[The task]
Your copy of the data should match it exactly, leaving out only the pictures.

Short descriptive text snippets:
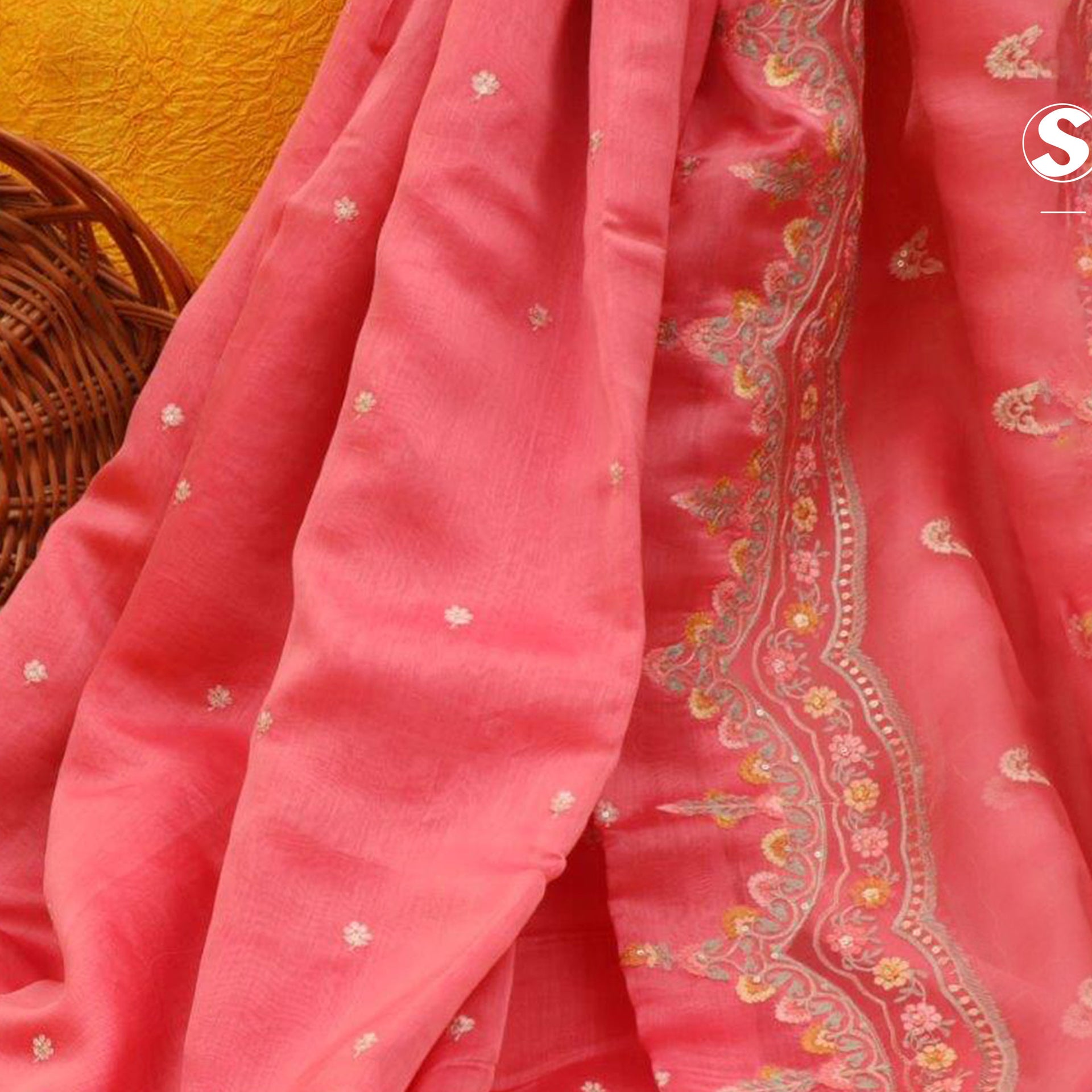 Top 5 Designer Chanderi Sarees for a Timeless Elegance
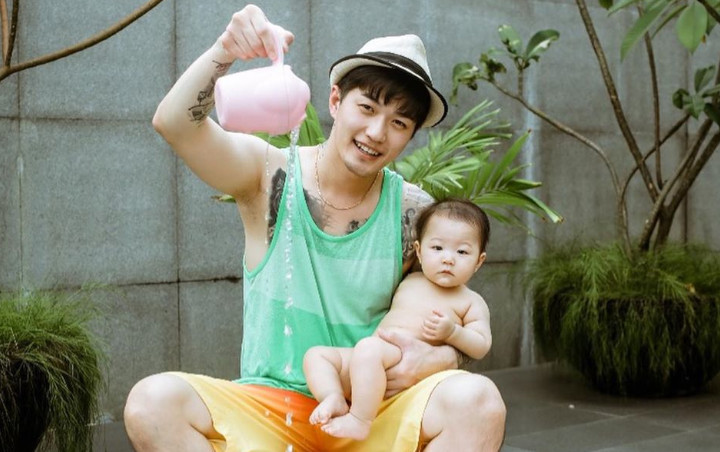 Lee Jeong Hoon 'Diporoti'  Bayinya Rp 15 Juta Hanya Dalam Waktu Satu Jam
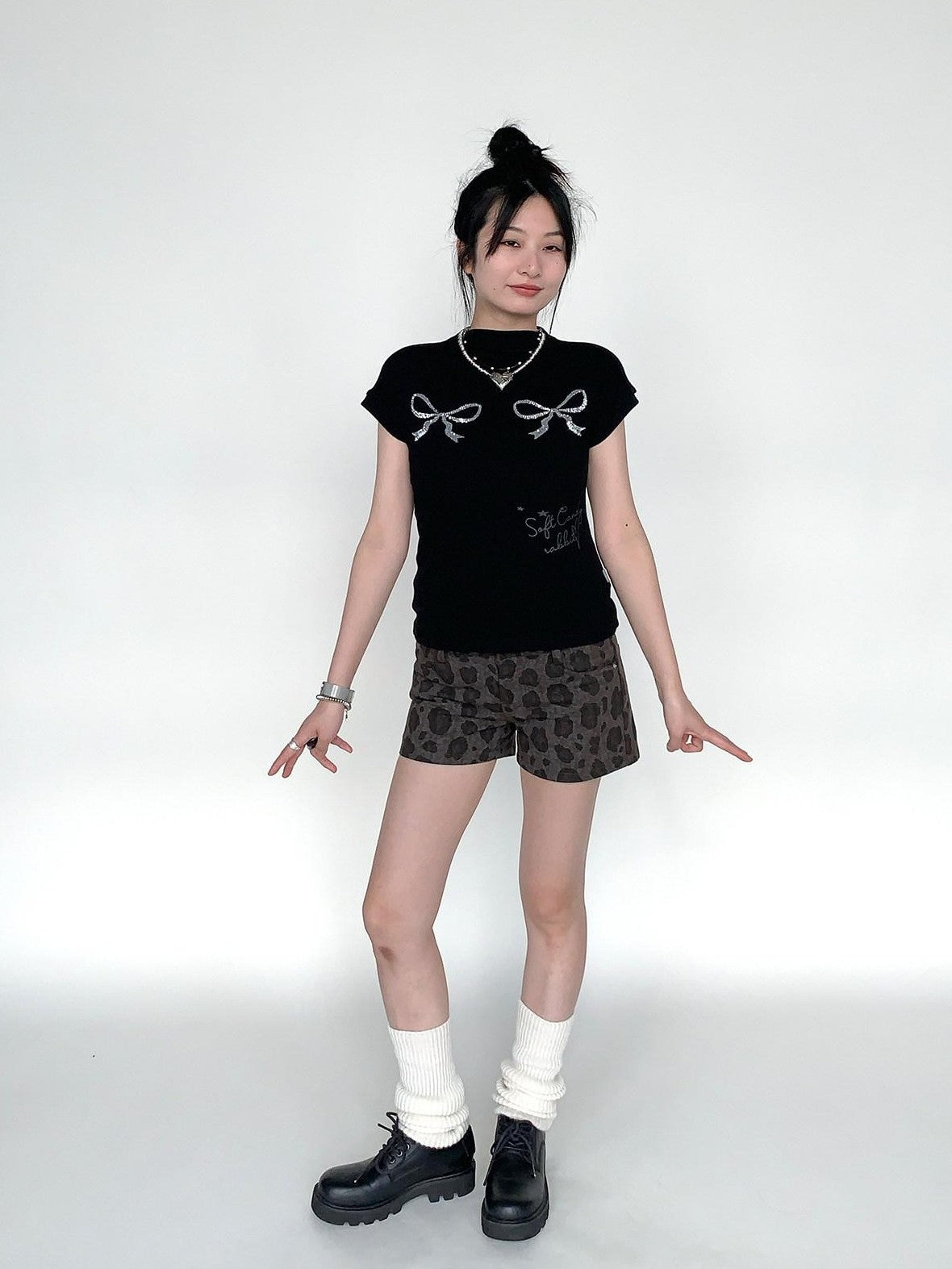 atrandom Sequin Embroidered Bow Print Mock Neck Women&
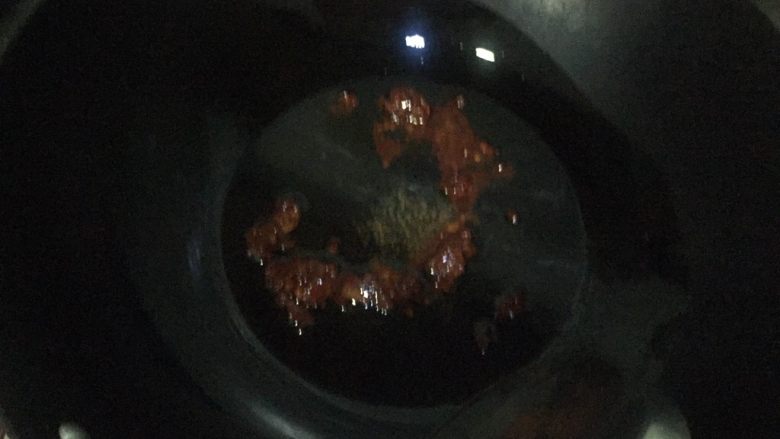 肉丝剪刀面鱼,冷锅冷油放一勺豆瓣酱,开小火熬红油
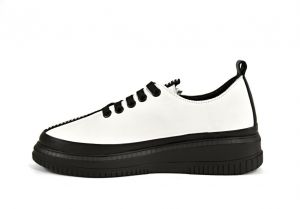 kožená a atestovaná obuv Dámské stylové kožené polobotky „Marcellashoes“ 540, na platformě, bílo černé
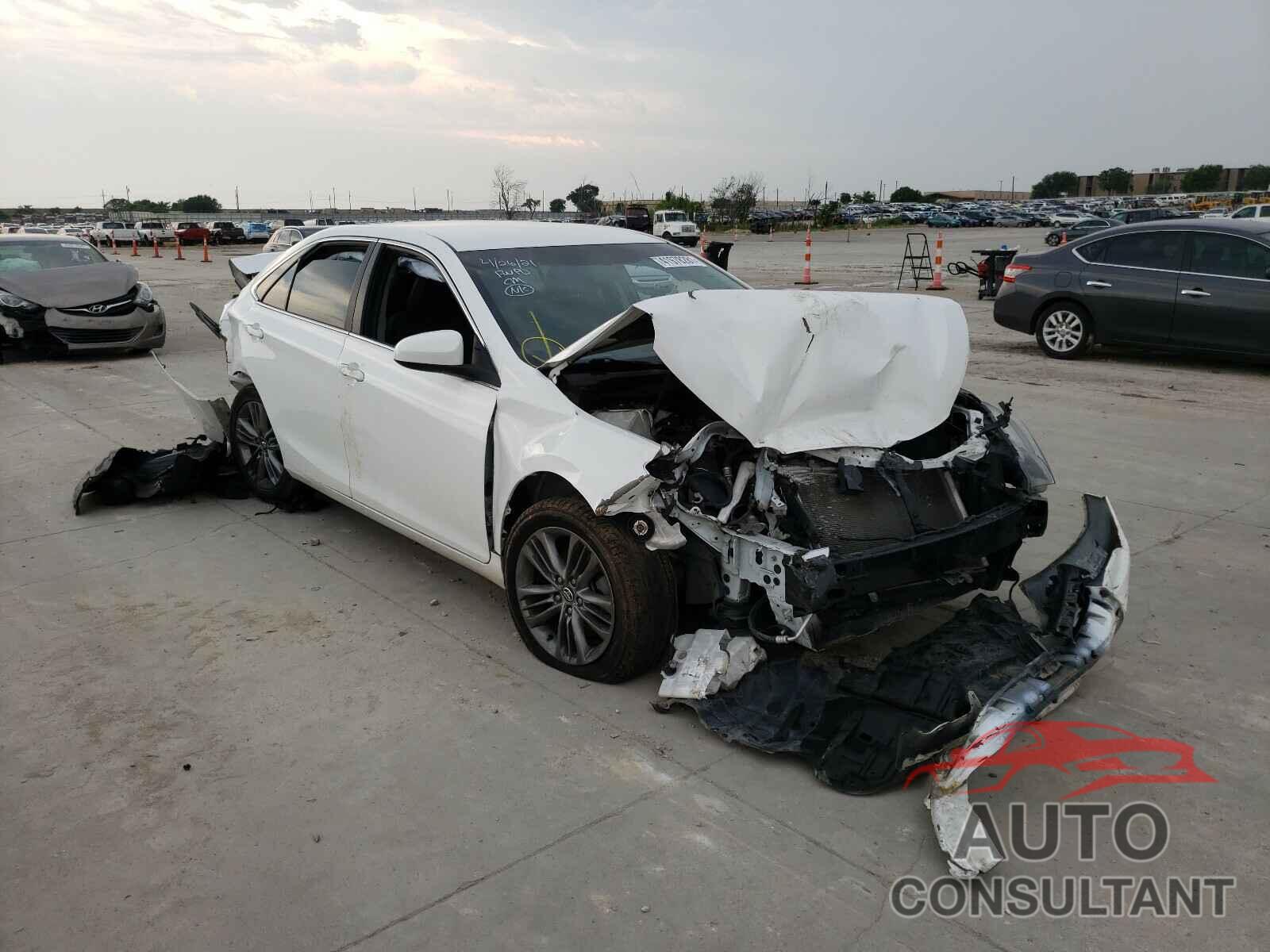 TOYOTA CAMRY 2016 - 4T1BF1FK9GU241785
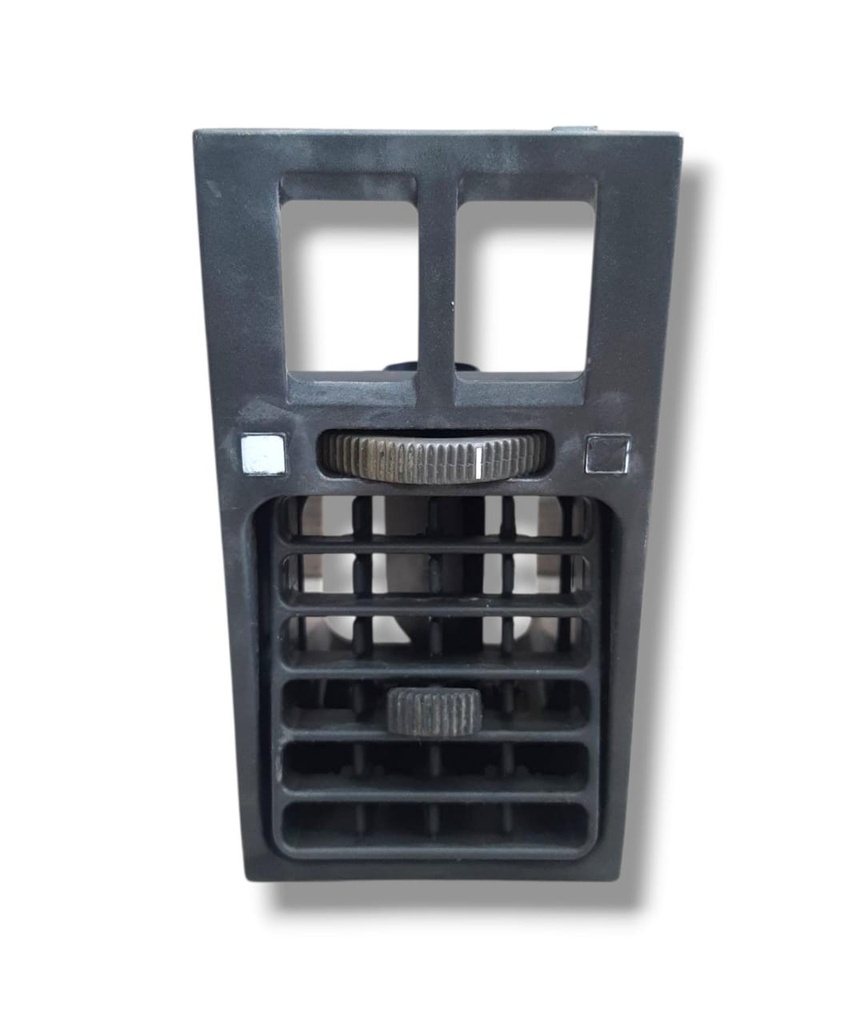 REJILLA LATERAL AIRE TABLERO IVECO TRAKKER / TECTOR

[Written reply]
 Top 5 Designer Chanderi Sarees for a Timeless Elegance
 Lee Jeong Hoon 'Diporoti'  Bayinya Rp 15 Juta Hanya Dalam Waktu Satu Jam
 atrandom Sequin Embroidered Bow Print Mock Neck Women&
 肉丝剪刀面鱼,冷锅冷油放一勺豆瓣酱,开小火熬红油
 kožená a atestovaná obuv Dámské stylové kožené polobotky „Marcellashoes“ 540, na platformě, bílo černé
 TOYOTA CAMRY 2016 - 4T1BF1FK9GU241785
 REJILLA LATERAL AIRE TABLERO IVECO TRAKKER / TECTOR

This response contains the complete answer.